Here is the paper: https://openreview.net/pdf?id=CrKMqRAhBo and here is the dataset: https://github.com/roozbeh-yz/IMO-Steps/tree/main

Would appreciate any feedback or comments from the community.

Notification Bot (Mar 04 2025 at 04:53):

This topic was moved here from #general > A dataset of proofs for 20 IMO problems and extracted lemmas by Kim Morrison.

Joseph Myers (Mar 04 2025 at 11:24):

As of what date was "Lean proof publicly available" in Table 1 determined? 1962 P2, 1965 P2, 2022 P2 and 2023 P4 all currently have solutions in Compfiles. 2022 P2 also had a Lean 3 solution (!3#15621) available as far back as July 2022.

Notification Bot (Mar 04 2025 at 12:54):

13 messages were moved from this topic to #Machine Learning for Theorem Proving > A dataset of proofs for 20 IMO problems and extracted lem... by Eric Wieser.

Roozbeh Yousefzadeh (Mar 05 2025 at 02:14):

Thanks for your comment and for pointing out those proofs.

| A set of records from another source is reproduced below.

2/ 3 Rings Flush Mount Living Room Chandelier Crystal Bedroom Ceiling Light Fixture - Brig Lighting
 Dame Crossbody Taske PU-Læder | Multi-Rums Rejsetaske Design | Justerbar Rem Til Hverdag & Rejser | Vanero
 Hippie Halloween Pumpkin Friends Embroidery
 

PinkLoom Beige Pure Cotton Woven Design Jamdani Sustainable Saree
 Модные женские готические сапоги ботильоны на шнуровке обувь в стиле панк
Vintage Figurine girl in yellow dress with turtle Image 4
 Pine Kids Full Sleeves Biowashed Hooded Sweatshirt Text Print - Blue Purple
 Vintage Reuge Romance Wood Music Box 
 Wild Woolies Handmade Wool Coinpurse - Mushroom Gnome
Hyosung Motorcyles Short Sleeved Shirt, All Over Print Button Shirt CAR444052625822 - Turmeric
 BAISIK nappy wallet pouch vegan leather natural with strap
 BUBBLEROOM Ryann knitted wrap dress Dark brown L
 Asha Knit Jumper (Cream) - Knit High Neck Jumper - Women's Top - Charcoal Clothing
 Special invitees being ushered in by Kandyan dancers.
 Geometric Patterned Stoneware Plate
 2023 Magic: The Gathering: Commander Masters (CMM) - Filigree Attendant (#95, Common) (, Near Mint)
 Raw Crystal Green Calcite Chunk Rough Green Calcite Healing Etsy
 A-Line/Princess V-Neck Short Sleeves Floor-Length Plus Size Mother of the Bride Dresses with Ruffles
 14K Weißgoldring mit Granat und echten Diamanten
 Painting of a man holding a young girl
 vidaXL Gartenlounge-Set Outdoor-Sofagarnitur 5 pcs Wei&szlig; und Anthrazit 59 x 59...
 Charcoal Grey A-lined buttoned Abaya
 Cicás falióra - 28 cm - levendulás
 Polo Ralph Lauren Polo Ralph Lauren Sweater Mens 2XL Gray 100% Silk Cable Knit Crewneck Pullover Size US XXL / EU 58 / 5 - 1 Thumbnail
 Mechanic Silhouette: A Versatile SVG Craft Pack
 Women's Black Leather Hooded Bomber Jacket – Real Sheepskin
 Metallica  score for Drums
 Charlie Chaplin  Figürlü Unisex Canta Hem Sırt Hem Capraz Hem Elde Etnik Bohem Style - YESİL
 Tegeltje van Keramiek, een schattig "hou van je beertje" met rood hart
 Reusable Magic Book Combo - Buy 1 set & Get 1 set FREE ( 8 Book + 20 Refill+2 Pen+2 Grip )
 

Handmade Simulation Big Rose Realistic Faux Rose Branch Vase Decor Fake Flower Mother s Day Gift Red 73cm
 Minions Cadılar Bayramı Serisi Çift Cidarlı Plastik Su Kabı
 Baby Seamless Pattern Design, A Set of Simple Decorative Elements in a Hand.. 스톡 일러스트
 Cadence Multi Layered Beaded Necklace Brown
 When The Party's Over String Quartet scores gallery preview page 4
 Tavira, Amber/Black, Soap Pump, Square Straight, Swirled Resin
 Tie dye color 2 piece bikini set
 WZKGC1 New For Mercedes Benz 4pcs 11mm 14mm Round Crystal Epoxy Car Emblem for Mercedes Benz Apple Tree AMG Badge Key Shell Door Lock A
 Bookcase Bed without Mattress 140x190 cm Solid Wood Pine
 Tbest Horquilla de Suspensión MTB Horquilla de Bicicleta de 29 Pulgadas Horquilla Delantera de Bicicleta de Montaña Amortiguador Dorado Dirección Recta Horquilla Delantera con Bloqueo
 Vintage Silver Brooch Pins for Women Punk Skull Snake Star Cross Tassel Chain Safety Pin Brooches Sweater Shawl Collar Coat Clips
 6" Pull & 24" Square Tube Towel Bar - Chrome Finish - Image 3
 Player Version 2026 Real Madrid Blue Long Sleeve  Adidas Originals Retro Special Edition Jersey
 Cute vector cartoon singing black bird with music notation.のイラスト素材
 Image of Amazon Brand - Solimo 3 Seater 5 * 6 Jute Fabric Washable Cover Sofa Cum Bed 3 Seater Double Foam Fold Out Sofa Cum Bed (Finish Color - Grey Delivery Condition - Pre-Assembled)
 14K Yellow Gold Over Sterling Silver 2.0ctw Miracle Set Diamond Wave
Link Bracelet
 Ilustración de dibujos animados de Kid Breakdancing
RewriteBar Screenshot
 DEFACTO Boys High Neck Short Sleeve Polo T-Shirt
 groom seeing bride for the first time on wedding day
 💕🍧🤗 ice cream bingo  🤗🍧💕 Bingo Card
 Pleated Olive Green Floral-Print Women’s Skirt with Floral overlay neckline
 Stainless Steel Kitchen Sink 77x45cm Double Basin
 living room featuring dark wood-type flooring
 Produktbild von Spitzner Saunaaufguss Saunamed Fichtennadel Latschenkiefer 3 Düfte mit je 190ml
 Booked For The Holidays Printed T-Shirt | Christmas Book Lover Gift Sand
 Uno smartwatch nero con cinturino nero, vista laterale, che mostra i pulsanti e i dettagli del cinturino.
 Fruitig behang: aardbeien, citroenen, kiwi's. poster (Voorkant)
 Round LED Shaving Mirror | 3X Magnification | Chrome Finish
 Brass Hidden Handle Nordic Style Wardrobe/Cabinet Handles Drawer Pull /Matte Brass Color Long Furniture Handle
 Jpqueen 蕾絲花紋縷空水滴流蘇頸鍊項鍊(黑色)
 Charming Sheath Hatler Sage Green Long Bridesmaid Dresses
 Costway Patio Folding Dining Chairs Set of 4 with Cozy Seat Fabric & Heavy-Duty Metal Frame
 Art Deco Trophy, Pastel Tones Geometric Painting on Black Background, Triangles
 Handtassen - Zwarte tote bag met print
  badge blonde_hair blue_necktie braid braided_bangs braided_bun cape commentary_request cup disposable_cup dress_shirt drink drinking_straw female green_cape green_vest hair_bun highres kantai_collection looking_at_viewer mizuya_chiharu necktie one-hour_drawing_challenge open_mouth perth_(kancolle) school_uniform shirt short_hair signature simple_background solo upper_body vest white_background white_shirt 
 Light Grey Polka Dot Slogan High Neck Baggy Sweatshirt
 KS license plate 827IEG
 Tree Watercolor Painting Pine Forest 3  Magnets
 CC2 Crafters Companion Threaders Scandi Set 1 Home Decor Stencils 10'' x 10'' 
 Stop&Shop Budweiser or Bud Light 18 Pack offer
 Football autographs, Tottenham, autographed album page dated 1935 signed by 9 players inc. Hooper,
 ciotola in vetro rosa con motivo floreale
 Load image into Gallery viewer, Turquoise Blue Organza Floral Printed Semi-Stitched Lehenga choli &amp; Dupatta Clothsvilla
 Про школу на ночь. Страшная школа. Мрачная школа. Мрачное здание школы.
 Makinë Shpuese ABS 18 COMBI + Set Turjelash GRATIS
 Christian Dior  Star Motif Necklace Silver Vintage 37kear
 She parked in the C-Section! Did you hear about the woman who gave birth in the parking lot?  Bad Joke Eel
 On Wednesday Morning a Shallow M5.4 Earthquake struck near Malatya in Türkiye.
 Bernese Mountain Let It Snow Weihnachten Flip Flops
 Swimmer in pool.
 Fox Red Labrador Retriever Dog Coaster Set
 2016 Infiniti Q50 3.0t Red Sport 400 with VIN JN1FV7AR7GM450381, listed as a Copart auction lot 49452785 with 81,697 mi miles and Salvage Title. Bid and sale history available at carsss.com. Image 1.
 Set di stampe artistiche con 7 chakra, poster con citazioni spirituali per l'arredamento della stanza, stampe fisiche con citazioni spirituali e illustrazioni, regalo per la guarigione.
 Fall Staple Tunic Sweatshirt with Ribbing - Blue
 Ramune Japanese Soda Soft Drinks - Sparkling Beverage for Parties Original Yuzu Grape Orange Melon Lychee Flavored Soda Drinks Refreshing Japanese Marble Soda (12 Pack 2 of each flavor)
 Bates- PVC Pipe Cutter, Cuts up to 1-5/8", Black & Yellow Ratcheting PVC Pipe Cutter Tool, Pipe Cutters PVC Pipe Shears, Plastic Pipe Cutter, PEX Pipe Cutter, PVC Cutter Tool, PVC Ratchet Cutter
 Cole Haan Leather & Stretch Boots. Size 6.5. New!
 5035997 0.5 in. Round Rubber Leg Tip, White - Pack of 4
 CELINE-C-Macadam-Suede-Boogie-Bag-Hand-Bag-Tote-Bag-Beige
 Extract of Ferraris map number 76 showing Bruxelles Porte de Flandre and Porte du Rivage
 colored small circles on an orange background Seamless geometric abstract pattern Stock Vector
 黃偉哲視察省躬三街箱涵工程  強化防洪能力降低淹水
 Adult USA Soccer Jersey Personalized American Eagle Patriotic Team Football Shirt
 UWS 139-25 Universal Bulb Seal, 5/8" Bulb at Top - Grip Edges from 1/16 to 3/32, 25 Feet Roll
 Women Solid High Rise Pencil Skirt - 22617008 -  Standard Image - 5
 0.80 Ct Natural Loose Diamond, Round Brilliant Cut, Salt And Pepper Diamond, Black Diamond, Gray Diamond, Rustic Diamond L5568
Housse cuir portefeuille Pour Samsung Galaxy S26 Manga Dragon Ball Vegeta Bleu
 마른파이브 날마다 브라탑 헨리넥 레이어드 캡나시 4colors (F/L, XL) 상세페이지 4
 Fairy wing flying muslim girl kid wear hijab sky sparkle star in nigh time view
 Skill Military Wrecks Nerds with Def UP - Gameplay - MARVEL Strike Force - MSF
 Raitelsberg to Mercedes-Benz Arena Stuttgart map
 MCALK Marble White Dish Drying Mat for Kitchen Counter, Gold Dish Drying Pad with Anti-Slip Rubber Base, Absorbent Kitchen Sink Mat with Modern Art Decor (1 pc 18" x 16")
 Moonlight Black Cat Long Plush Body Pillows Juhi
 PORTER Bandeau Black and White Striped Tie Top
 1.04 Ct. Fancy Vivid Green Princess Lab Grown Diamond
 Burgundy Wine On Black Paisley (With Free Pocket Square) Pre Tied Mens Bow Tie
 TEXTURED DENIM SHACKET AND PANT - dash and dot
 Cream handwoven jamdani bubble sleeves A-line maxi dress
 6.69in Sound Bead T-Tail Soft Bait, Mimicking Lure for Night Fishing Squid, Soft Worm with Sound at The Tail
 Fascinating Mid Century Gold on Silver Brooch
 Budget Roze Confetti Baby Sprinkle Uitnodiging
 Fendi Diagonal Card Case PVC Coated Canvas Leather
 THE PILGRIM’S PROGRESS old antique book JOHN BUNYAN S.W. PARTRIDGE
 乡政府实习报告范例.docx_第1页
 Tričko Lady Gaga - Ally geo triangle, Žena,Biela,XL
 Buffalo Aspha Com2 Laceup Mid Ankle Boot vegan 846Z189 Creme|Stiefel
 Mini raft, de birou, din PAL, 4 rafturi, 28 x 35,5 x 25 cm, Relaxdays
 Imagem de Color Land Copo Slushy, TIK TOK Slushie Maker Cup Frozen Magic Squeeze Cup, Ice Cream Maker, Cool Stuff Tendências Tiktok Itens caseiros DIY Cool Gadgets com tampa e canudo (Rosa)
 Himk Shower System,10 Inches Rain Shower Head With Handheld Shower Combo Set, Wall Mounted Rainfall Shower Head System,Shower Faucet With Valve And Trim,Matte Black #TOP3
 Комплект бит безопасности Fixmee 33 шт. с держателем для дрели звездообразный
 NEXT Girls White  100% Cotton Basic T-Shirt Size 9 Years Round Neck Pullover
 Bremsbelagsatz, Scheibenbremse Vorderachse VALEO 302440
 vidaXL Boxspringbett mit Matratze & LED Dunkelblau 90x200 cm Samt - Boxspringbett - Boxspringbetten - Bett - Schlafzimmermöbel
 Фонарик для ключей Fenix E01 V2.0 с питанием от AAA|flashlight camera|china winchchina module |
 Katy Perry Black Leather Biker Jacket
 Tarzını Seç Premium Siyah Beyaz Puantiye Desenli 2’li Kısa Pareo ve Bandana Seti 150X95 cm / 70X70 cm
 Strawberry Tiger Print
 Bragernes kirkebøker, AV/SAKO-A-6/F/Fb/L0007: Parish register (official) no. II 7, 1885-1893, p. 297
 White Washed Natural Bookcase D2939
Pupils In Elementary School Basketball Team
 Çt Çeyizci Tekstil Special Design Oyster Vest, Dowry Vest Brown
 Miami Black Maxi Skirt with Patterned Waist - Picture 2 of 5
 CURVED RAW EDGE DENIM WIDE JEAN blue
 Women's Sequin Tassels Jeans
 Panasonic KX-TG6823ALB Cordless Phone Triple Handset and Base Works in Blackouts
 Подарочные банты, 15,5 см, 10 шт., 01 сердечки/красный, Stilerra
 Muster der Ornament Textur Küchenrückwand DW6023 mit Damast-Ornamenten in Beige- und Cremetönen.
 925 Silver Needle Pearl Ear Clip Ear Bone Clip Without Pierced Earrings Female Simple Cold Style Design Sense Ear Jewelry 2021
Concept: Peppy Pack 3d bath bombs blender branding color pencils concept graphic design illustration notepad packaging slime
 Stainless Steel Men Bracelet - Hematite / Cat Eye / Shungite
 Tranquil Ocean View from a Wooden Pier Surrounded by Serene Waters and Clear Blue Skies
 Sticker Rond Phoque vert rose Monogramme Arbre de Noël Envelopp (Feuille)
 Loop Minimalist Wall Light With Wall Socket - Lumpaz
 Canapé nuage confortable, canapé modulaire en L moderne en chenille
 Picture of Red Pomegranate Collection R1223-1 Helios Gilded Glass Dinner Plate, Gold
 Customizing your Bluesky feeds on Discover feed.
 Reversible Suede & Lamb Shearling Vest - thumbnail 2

I was not aware of the proofs available there (some of them are written very recently, e.g., December 2024, and none of them are in the IMO directory of Mathlib). For the Table 1 in our paper, I checked the proofs in the IMO directory of Mathlib. I also checked the proofs published in the AI literature.

Would Compfiles like to incorporate my proofs for the problems that do not yet have a formal proof there?

To make up for the 4 proofs that are already available publicly, I will release the proofs for 4 other IMO problems that do not have a formal proof at Compfiles: 1961p1, 1966p4, 1978p5, and 1993p5.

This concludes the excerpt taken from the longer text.